125 g of almonds (shelled but with skin)
500 g of gluten-free flour mix
250 g of granulated sugar
100 g of eggs
30 g of egg yolks
the grated orange peel of 1/2 untreated orange
1 tablespoon of orange juice
30 g of peeled pine nuts
8 g of baking powder allowed for desserts
1 egg to brush
fine salt

Method
Mix the gluten-free flour in a bowl with the sugar, add the eggs and the egg yolks and knead vigorously. Then add the rind and the orange juice, mix, then add the almonds, pine nuts, a pinch of salt and baking powder and work until you get a homogeneous mixture.
Line the oven tray with a sheet of baking paper.

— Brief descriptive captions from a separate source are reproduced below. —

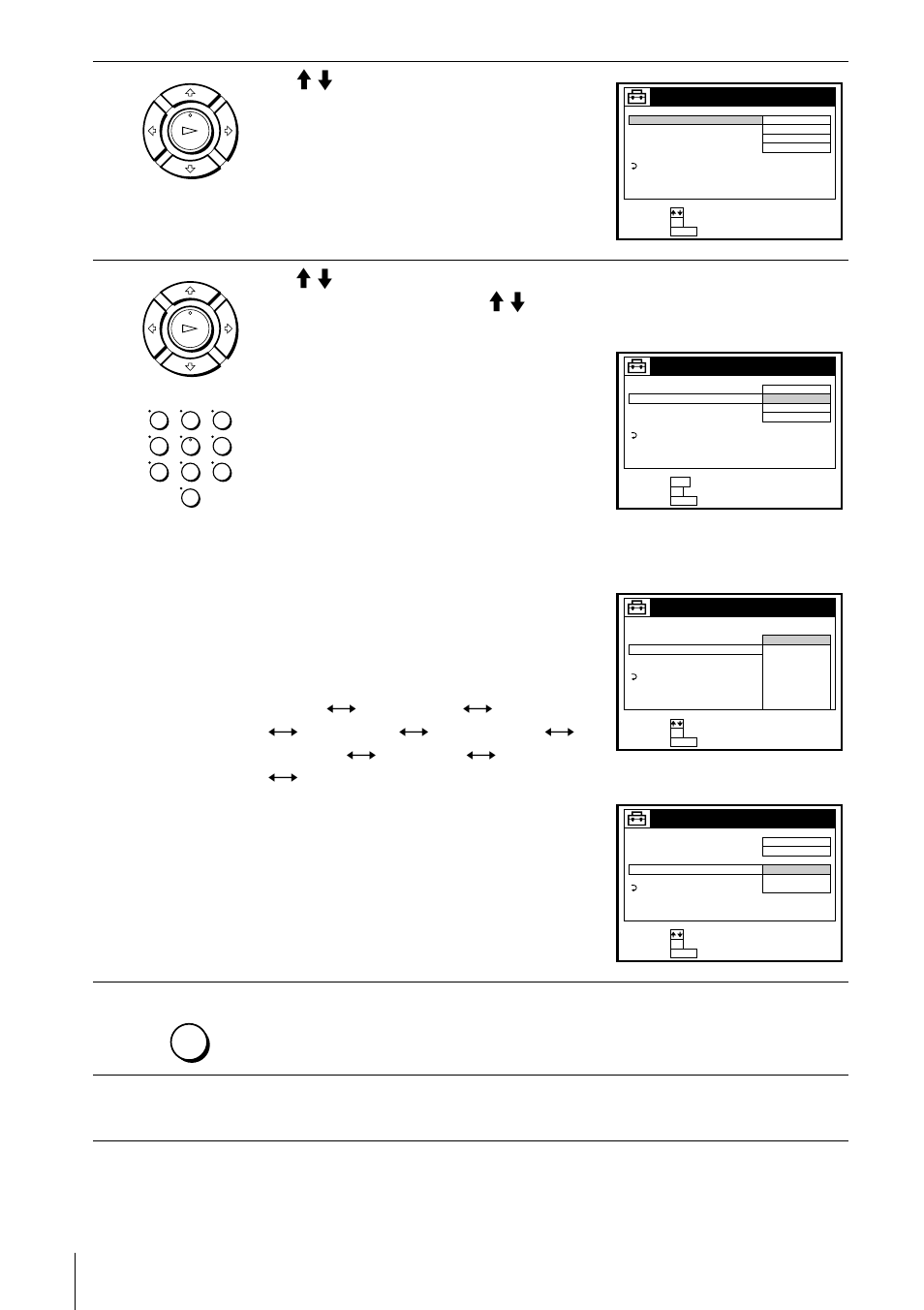 Press menu to exit the menu, Setting the clock | Sony SLV-N70 User Manual | Page 34 / 112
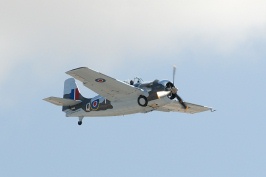 F4F Wildcat in flight at Miramar air show-02 10-12-07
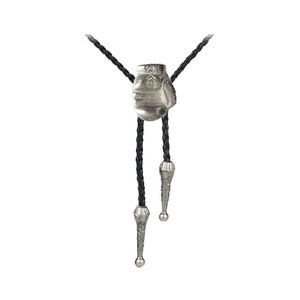 Pewter Boxing Glove Necklace Western Cowboy Necktie Bola Bolo Tie codeFT24  unisex line dancing cowboy Wild West
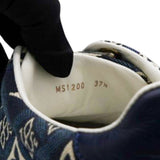 Louis Vuitton Denim Monogram Time Out Sneakers Size37.5 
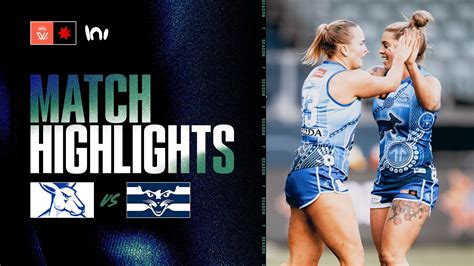 North Melbourne V Geelong Cats Highlights Round 4 S7 Aflw Youtube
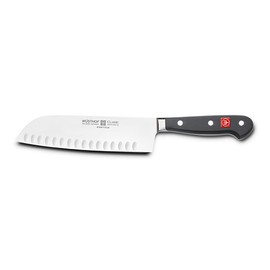 Wüsthof Santoku knife, 7", Black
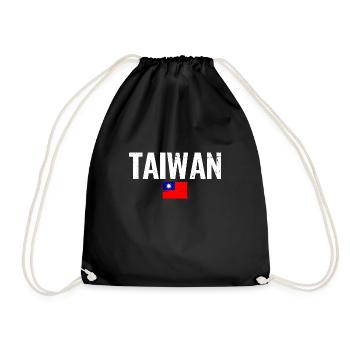 Taiwan Taiwanese Flag Taiwanese - Drawstring Bag - black - Front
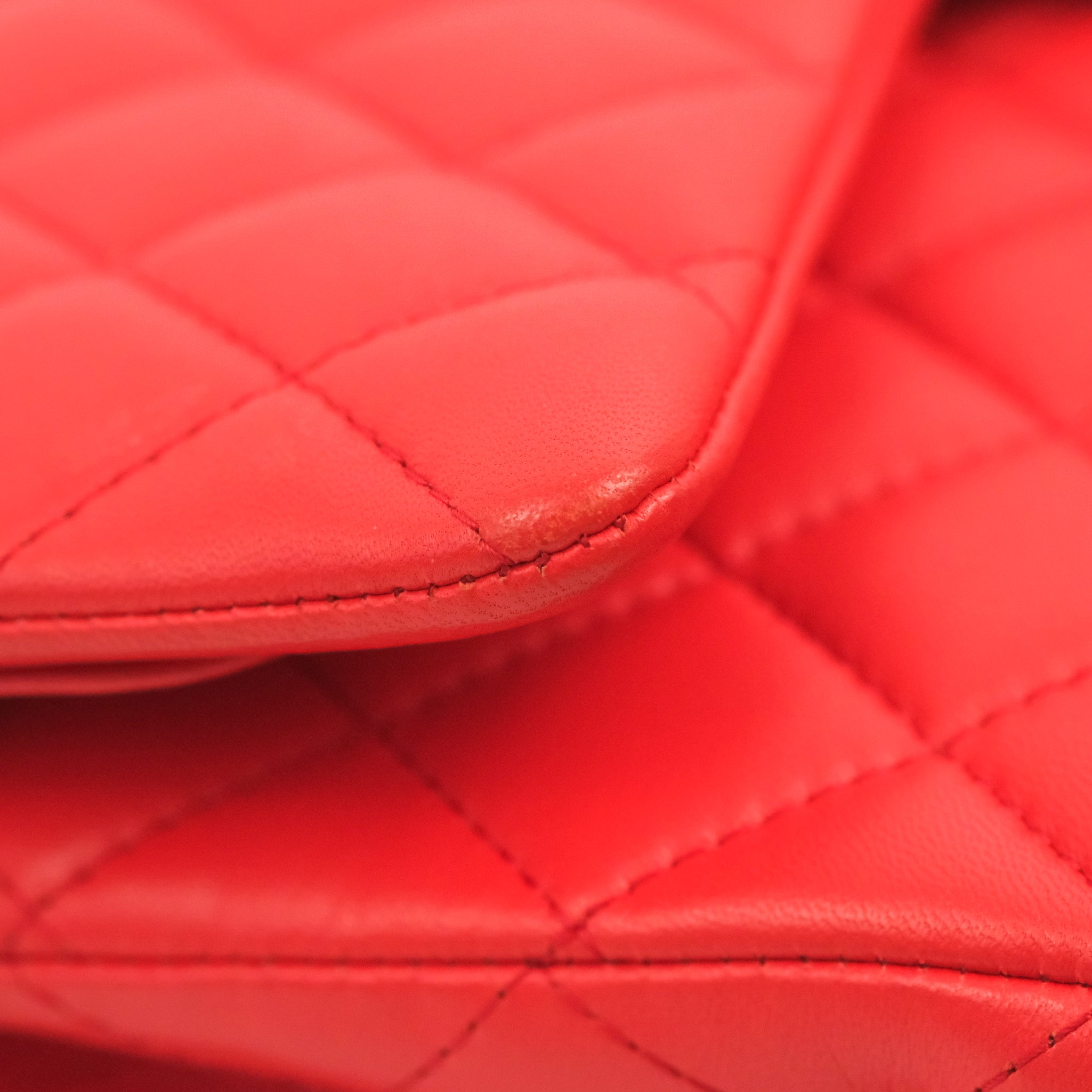 Chanel Classic Medium Double Flap Bag - Red Lambskin Leather with Gold Hardware | Luxury Designer Handbag for Women, Perfect for Parties, Weddings & Everyday Elegance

Form a ball with the dough, then divide it into long loaves like the drip pan and place them in the baking pan (no more than 3 loaves of dripping pan); brush them with the remaining beaten egg and cook in the hot oven at 175 ° C for about 35 minutes.
At the end, take out the cantuccini and let them cool for 5 minutes, then cut them with an oblique knife, to obtain 1-2 cm wide biscuits. Place them again in the pan and bake in the hot oven at 120 ° C for about 20 minutes, until they are crispy. Remove from the oven and serve.